» **Problem details**: Print the line that contains "Shark conservation project" and every line after it through the last line of the records below, exactly as written and nothing else.

......

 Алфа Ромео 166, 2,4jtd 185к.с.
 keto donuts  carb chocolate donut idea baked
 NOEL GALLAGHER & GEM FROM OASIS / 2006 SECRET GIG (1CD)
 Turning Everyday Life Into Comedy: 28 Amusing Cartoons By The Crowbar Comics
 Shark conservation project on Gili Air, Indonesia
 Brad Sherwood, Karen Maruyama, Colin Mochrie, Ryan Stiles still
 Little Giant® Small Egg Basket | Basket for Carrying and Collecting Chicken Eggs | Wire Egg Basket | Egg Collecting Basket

......

» **Solution to the exercise**:
 Shark conservation project on Gili Air, Indonesia
 Brad Sherwood, Karen Maruyama, Colin Mochrie, Ryan Stiles still
 Little Giant® Small Egg Basket | Basket for Carrying and Collecting Chicken Eggs | Wire Egg Basket | Egg Collecting Basket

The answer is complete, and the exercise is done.